Authorities have converted schools, mosques, village halls and village houses into evacuation centers, the statement said.
Java is the largest population center in Indonesia’s massive island archipelago and home to the capital city of Jakarta. Standing at more than 12,000 feet high, Mount Semeru is the tallest mountain on Java.
Volcanic ash and the smell of sulfur was first reported around 3 p.m. local time (3 a.m. ET), according to the Mount Semeru Volcano Observation Post. The station added that hot ash clouds were falling towards an East Java village, Sapitarang, in Pronojiwo District.
Videos shared by government emergency response teams showed residents in the area running away from huge thick clouds of ash.
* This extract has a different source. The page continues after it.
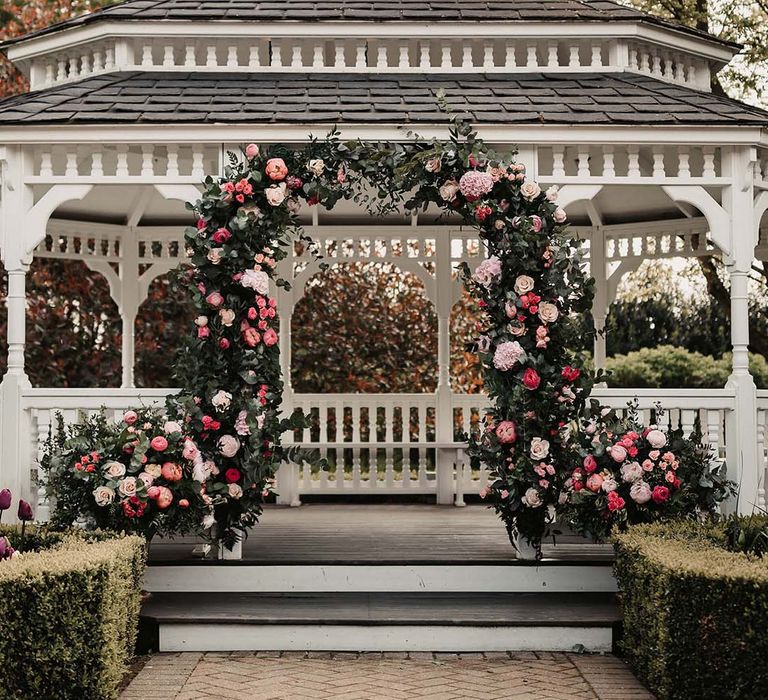 Pink flower arch with peonies and roses for outdoor ceremony to match the pink colour palette 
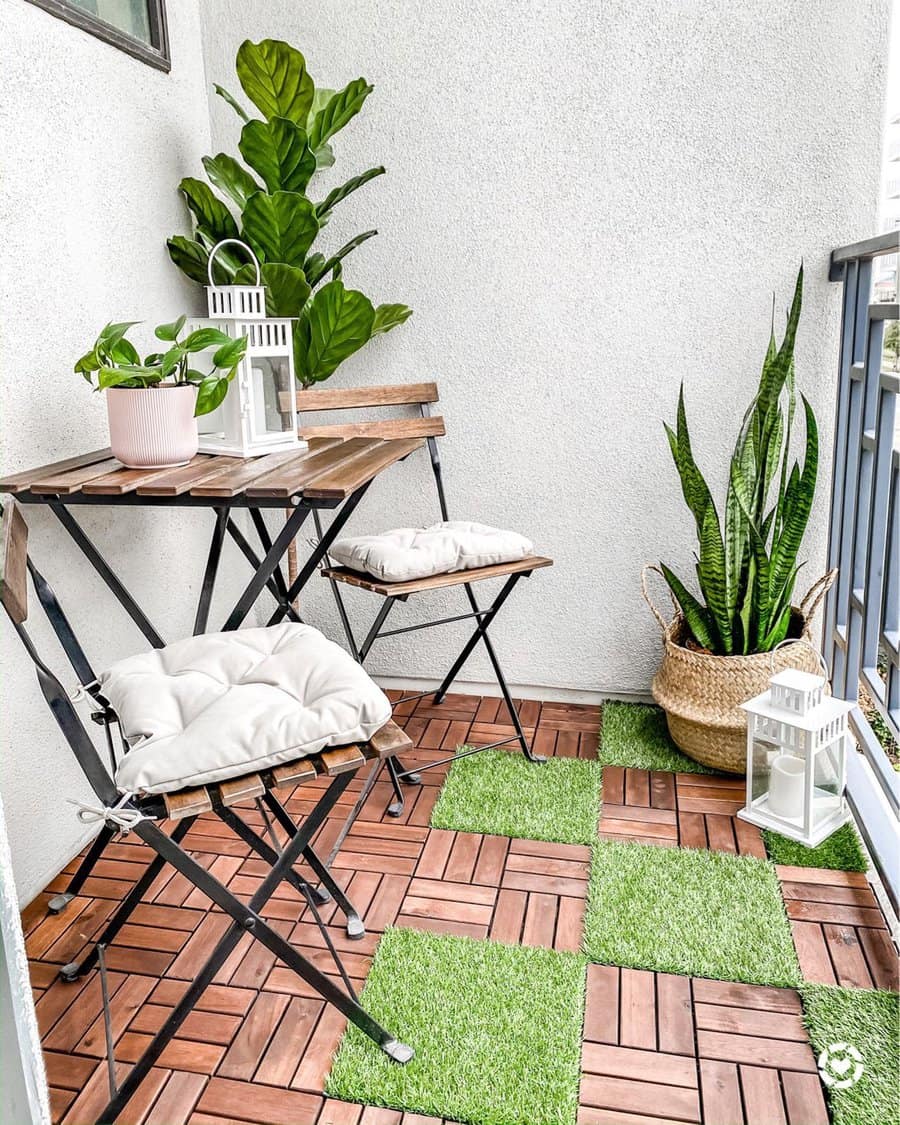 Cozy balcony with two chairs, a small table, potted plants, and lanterns on wooden tile flooring with green grass patches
Other footage shared by locals showed people gathering at a local mosque in Besuk Kobokan as smoke blankets the surrounding streets.
Following the explosion rescue officials scrambled to evacuate victims from the surrounding area.
Indah Amperawati, deputy head of Lumajang District, an area close to the volcano said Saturday that most of the burn victims have been evacuated to the Penanggal Primarily Health Center alongside a resident who died in the village of Curah Kobokan.
Emergency services had been unable to reach several other villages due to roads being blocked by mud and fallen trees, Indah told the press conference.
The military has been asked for people and equipment to support rescue efforts, Maj. Gen. TNI Suharyanto, the head of the BNPB, told the press conference.
Budi Santosa, head of disaster management of East Java province, said Saturday that two sub districts had been “badly affected” by the volcano’s eruption.
Santosa told the news conference that he believed health facilities in the disaster area, either primary health centers or hospitals, would be able to accommodate victims.
On Sunday, the Indonesian government said it is now preparing a relocation process for villagers who lost their home and in the next six months the BNPB will provide them with financial aid before the government can relocate them.
Indonesia sits between two continental plates on what is known as the Ring of Fire, a band around the basin of the Pacific Ocean that leads to high levels of tectonic and volcanic activity.